Segment Start: EXTRACTED RECORDS

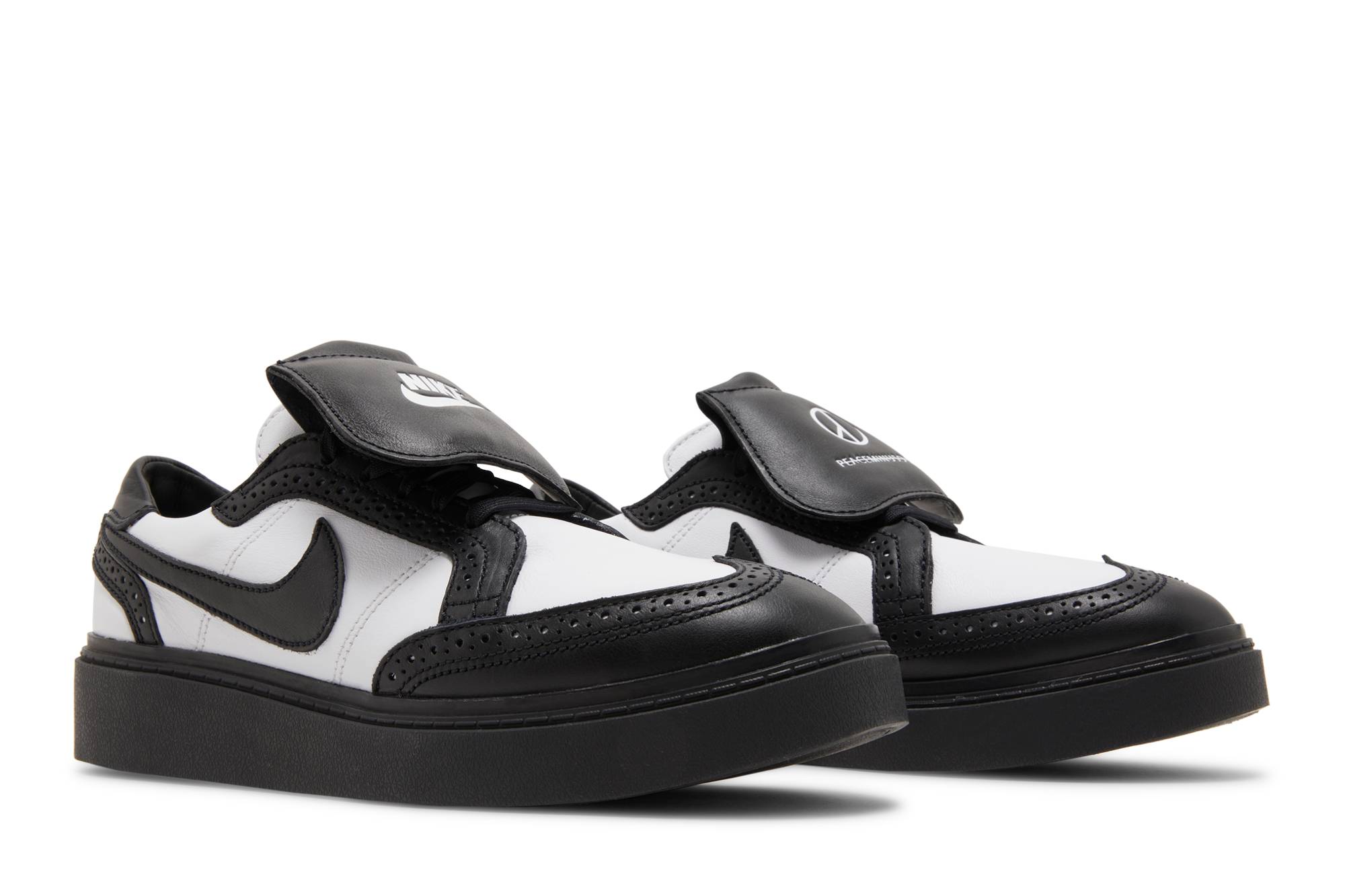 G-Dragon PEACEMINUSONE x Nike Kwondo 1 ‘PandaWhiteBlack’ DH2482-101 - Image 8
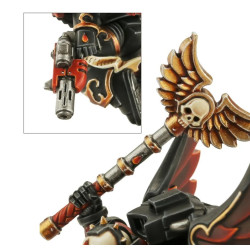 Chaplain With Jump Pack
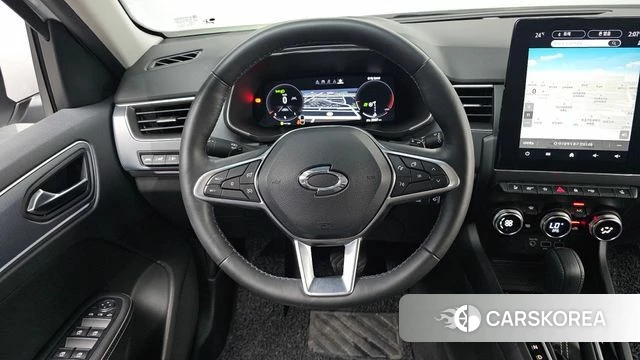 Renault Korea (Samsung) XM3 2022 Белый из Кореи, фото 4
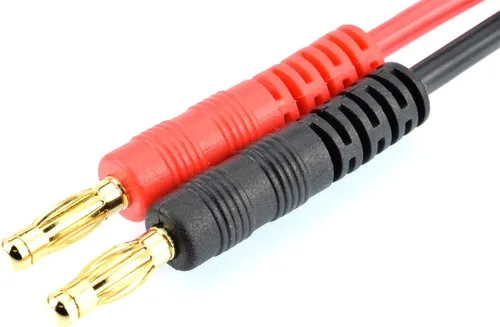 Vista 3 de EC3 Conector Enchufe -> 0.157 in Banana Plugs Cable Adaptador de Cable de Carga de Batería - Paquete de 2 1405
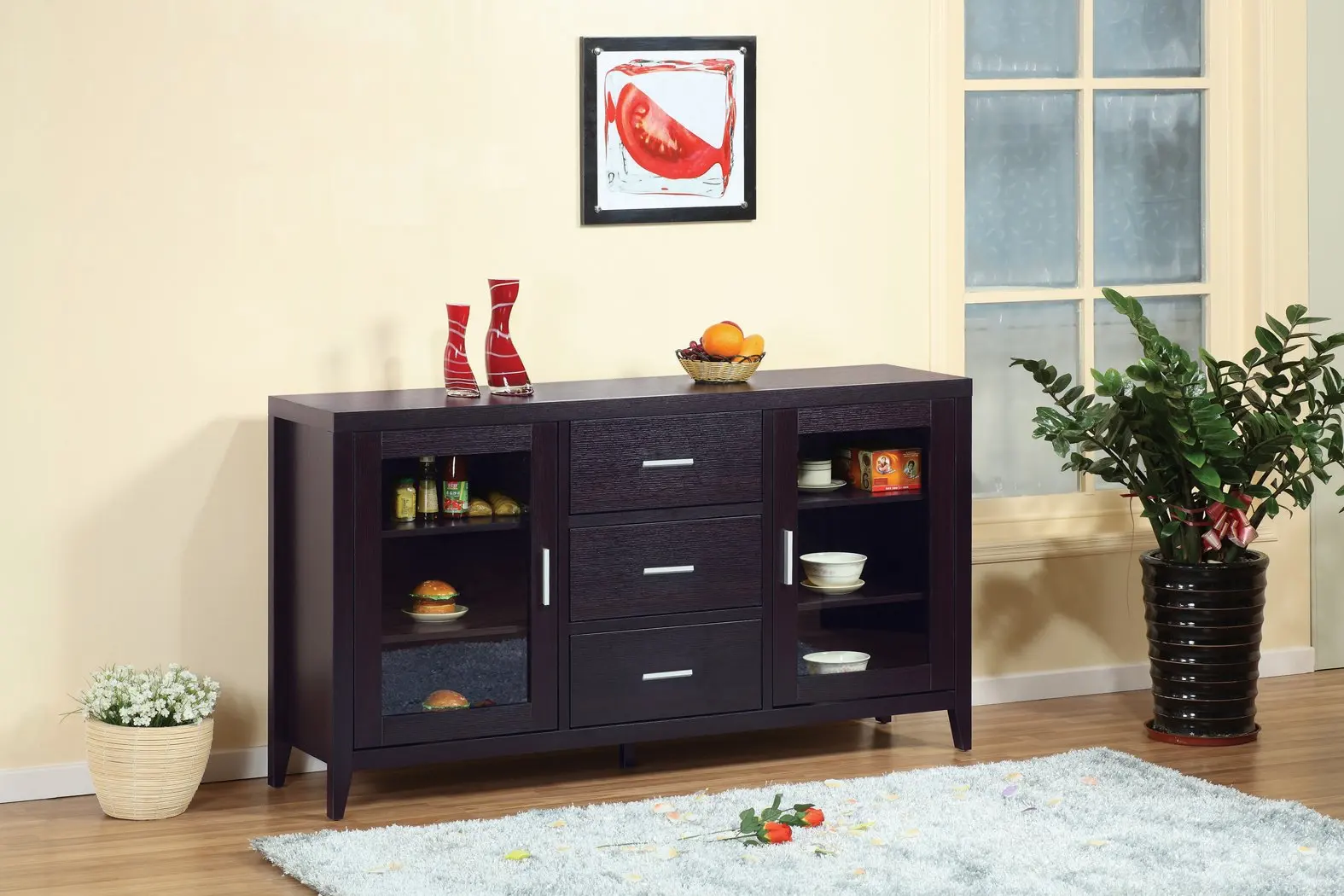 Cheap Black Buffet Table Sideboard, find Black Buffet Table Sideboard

Segment End: EXTRACTED RECORDS
Segment Start: EXTRACTED RECORDS

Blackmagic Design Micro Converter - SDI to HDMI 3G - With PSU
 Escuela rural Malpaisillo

Segment End: EXTRACTED RECORDS
Segment Start: EXTRACTED RECORDS

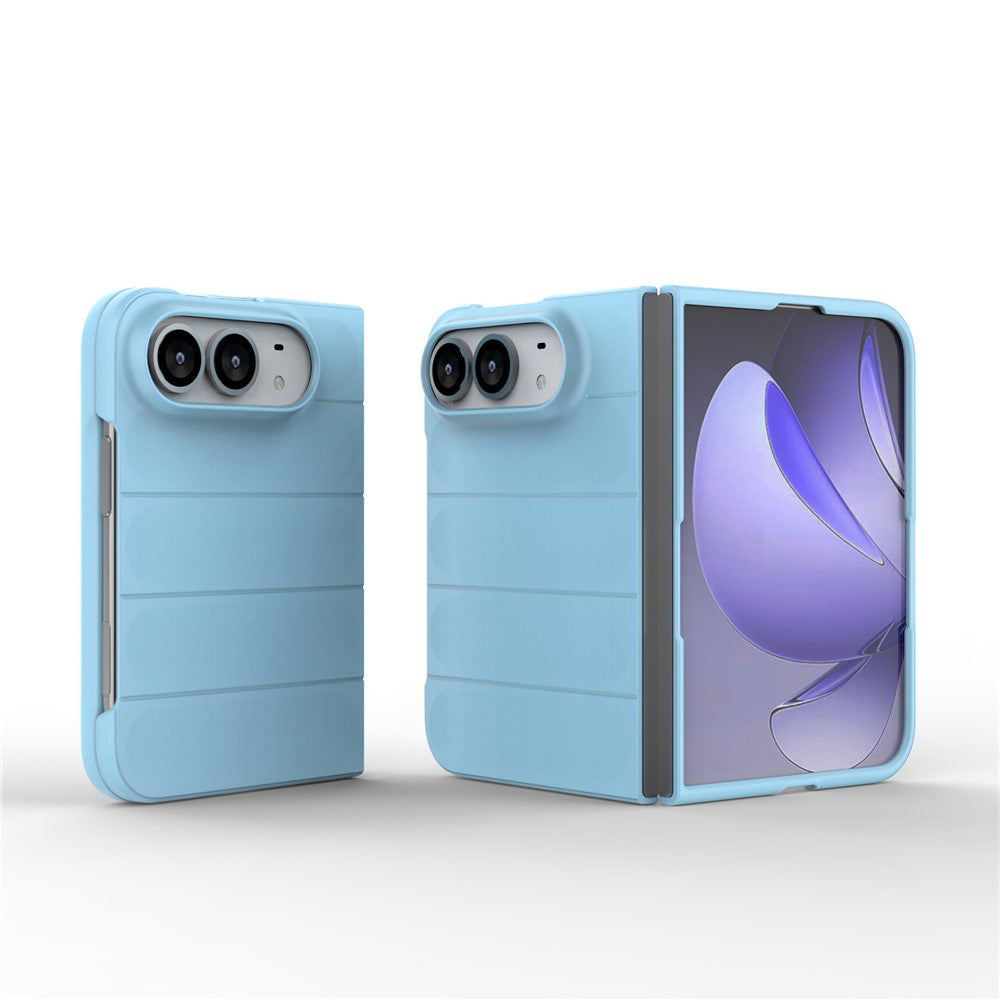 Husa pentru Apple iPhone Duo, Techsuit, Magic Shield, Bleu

Segment End: EXTRACTED RECORDS

WHAT YOU ARE ASKED TO DO: Working from the records above, set down word for word everything from the line containing "G-Dragon PEACEMINUSONE x" down to the line containing "Cheap Black Buffet", ends included, minus the pictures.

SOLVED EXERCISE:
 G-Dragon PEACEMINUSONE x Nike Kwondo 1 ‘PandaWhiteBlack’ DH2482-101 - Image 8
 Chaplain With Jump Pack
 Renault Korea (Samsung) XM3 2022 Белый из Кореи, фото 4
 Vista 3 de EC3 Conector Enchufe -> 0.157 in Banana Plugs Cable Adaptador de Cable de Carga de Batería - Paquete de 2 1405
 Cheap Black Buffet Table Sideboard, find Black Buffet Table Sideboard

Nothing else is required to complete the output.